Double Klondike
- Alternative names: Double Solitaire
- Family: Competitive
- Deck: Two 52-card decks (distinguishable)

= Double Klondike =

Two-player card game

Double Klondike is a two-player variant of the popular solitaire card game known as Klondike. It is most commonly referred to as Double Solitaire, but is also sometimes known as Double Klondike. (This name can also refer to the single-player solitaire game Gargantua.) Versions for more than two players — such as Triple Solitaire or Quadruple Solitaire — are also possible.

As the name suggests, Double Klondike is played by two players, each using a separate standard 52-card deck (Jokers removed). For optimal play, the cards in each deck should be distinguishable — either by using different back designs or by subtle differences in font or color on the card faces.

==How to play==
Seated facing one another, each player sets up a standard Klondike layout using their own deck, with one key difference: the players share a communal foundation area located between their individual layouts.
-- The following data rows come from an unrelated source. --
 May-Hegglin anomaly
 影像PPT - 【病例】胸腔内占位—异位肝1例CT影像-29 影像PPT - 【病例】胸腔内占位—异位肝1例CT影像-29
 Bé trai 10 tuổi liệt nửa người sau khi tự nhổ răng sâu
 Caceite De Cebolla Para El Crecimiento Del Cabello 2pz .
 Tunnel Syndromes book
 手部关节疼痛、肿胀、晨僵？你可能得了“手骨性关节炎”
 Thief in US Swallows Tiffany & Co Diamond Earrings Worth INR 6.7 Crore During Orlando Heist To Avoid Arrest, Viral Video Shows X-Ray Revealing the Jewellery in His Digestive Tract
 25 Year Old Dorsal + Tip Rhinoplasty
This shared foundation area consists of up to eight foundation piles—two for each suit, one from each deck.

Each player plays independently according to standard Klondike rules, with the variation that the three-card draw and unlimited-pass options apply equally to both players. Foundations are built up in suit and ascending order (Ace to King), as in Klondike, but any player may play on any foundation pile of the appropriate suit, regardless of who started the pile or whose cards are already present in it.
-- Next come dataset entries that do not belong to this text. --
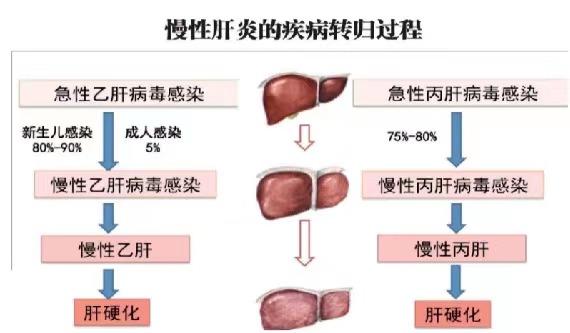 【健康科普】世界肝炎日——堅持早預(yù)防，加強檢測發(fā)現(xiàn)，規(guī)范抗病毒治療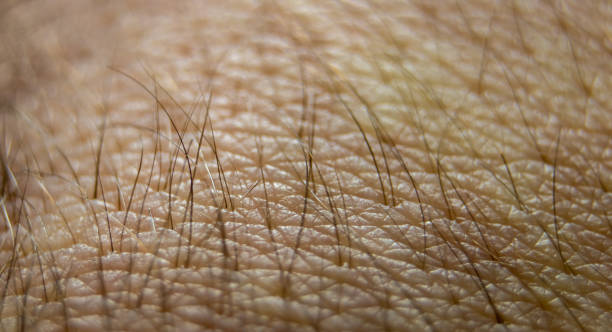 istock Macro human skin texture. Closeup skin pattern. Medicine healthy surface background. Dermatitis concept 1484061262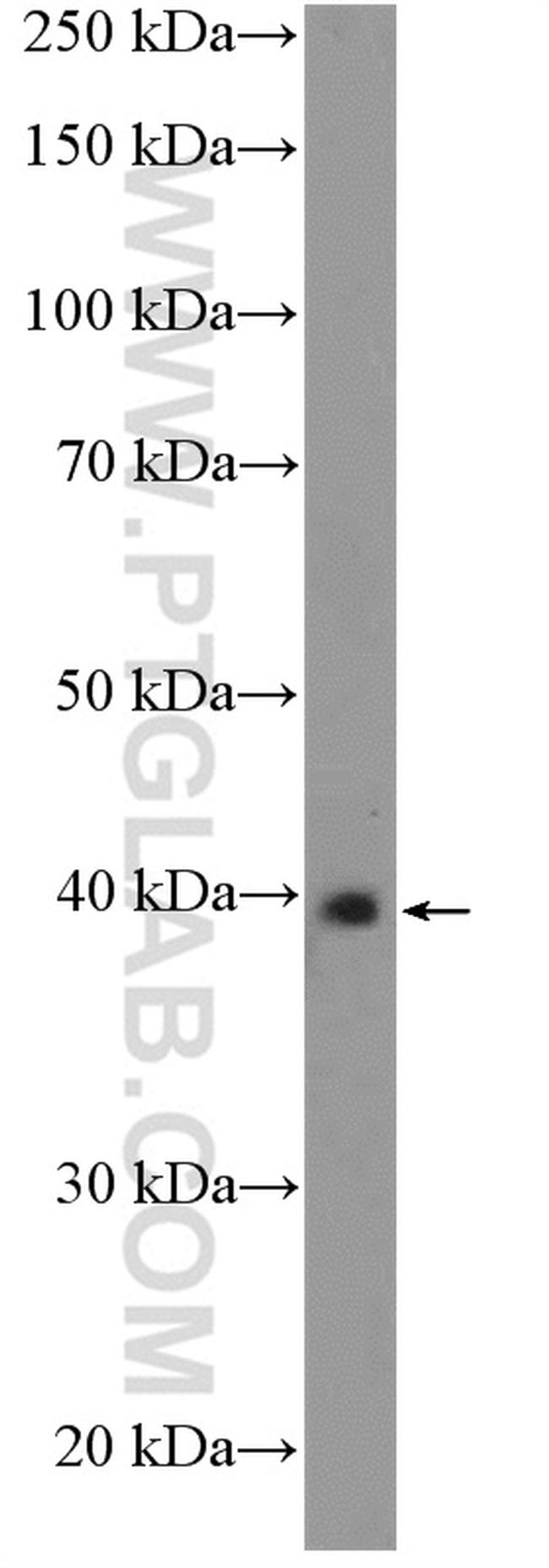RAD51AP1 Antibody in Western Blot (WB)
Because both players may contribute to the same foundation piles, speed can become a competitive factor. For example, if both players have a Two of Hearts available and one player is about to play the Ace of Hearts to begin a foundation, they must act quickly to add the Two before the other player does. As a result, foundation piles may contain a mixture of cards from both decks.
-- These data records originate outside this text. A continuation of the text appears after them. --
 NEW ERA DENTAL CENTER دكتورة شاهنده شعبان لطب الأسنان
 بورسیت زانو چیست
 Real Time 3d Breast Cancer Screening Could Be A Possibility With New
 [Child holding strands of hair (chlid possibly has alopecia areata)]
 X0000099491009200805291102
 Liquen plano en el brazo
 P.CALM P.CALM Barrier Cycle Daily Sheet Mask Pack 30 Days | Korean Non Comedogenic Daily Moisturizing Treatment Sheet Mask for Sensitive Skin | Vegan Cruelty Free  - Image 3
The game ends when both players have no legal moves remaining. At that point, the cards in the foundation piles are sorted according to their deck of origin, and each player counts how many of their own cards are present. The player with the most cards in the foundation area is declared the winner.

=== Competitive rules and etiquette ===
A number of informal rules are often agreed upon for competitive play:

1. Each player must hold their deck in one hand and use the other hand to make all moves. This prevents rapid placement of consecutive cards onto foundation piles without giving the other player a chance to react.
2. Cards must be placed on foundation piles one at a time; throwing or sliding multiple cards simultaneously is not allowed.
3. If two players attempt to place a card on the same foundation pile at the same time, the first card placed remains and the others must be retrieved by their respective players.
4. Players may not move partial tableau sequences. For example, a sequence such as red eight, black seven, red six may be moved onto a black nine, but the red six cannot be moved independently onto another black seven.

==Variations==
Russian Bank, also known as Crapette, is a two-player card game that is a more complex and competitive derivative of Double Solitaire.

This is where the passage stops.